━━ Data listing ━━

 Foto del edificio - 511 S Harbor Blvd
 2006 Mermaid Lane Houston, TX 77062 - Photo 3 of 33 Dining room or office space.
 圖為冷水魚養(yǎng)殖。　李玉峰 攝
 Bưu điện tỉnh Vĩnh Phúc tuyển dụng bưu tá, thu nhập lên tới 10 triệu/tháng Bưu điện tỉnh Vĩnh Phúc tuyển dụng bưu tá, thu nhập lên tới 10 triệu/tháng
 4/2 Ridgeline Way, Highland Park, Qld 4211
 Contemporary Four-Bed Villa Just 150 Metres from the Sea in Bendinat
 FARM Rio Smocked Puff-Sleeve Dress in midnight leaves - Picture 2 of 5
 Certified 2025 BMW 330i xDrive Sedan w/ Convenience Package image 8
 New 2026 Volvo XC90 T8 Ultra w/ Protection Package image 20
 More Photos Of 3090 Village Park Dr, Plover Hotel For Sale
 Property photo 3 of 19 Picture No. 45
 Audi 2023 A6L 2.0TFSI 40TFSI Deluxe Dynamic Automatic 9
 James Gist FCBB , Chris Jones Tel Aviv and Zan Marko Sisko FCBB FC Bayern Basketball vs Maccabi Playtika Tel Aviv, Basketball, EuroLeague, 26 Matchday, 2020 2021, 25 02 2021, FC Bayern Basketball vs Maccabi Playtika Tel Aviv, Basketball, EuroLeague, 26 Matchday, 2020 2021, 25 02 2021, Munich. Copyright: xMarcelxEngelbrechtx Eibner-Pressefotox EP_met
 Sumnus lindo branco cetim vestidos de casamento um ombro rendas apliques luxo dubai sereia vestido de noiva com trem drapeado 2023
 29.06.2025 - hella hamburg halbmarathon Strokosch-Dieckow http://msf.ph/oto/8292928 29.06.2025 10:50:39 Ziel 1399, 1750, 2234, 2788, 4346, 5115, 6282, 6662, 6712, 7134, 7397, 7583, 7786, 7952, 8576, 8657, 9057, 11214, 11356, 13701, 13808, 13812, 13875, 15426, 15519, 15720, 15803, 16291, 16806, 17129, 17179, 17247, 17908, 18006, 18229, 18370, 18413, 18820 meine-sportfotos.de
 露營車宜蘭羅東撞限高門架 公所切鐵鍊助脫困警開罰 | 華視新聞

━━━

> **Problem details**:
The required result is an exact repeat of the records above from the line containing "圖為冷水魚養(yǎng)殖。　李玉峰 攝" to their final line.

> **Output**:
 圖為冷水魚養(yǎng)殖。　李玉峰 攝
 Bưu điện tỉnh Vĩnh Phúc tuyển dụng bưu tá, thu nhập lên tới 10 triệu/tháng Bưu điện tỉnh Vĩnh Phúc tuyển dụng bưu tá, thu nhập lên tới 10 triệu/tháng
 4/2 Ridgeline Way, Highland Park, Qld 4211
 Contemporary Four-Bed Villa Just 150 Metres from the Sea in Bendinat
 FARM Rio Smocked Puff-Sleeve Dress in midnight leaves - Picture 2 of 5
 Certified 2025 BMW 330i xDrive Sedan w/ Convenience Package image 8
 New 2026 Volvo XC90 T8 Ultra w/ Protection Package image 20
 More Photos Of 3090 Village Park Dr, Plover Hotel For Sale
 Property photo 3 of 19 Picture No. 45
 Audi 2023 A6L 2.0TFSI 40TFSI Deluxe Dynamic Automatic 9
 James Gist FCBB , Chris Jones Tel Aviv and Zan Marko Sisko FCBB FC Bayern Basketball vs Maccabi Playtika Tel Aviv, Basketball, EuroLeague, 26 Matchday, 2020 2021, 25 02 2021, FC Bayern Basketball vs Maccabi Playtika Tel Aviv, Basketball, EuroLeague, 26 Matchday, 2020 2021, 25 02 2021, Munich. Copyright: xMarcelxEngelbrechtx Eibner-Pressefotox EP_met
 Sumnus lindo branco cetim vestidos de casamento um ombro rendas apliques luxo dubai sereia vestido de noiva com trem drapeado 2023
 29.06.2025 - hella hamburg halbmarathon Strokosch-Dieckow http://msf.ph/oto/8292928 29.06.2025 10:50:39 Ziel 1399, 1750, 2234, 2788, 4346, 5115, 6282, 6662, 6712, 7134, 7397, 7583, 7786, 7952, 8576, 8657, 9057, 11214, 11356, 13701, 13808, 13812, 13875, 15426, 15519, 15720, 15803, 16291, 16806, 17129, 17179, 17247, 17908, 18006, 18229, 18370, 18413, 18820 meine-sportfotos.de
 露營車宜蘭羅東撞限高門架 公所切鐵鍊助脫困警開罰 | 華視新聞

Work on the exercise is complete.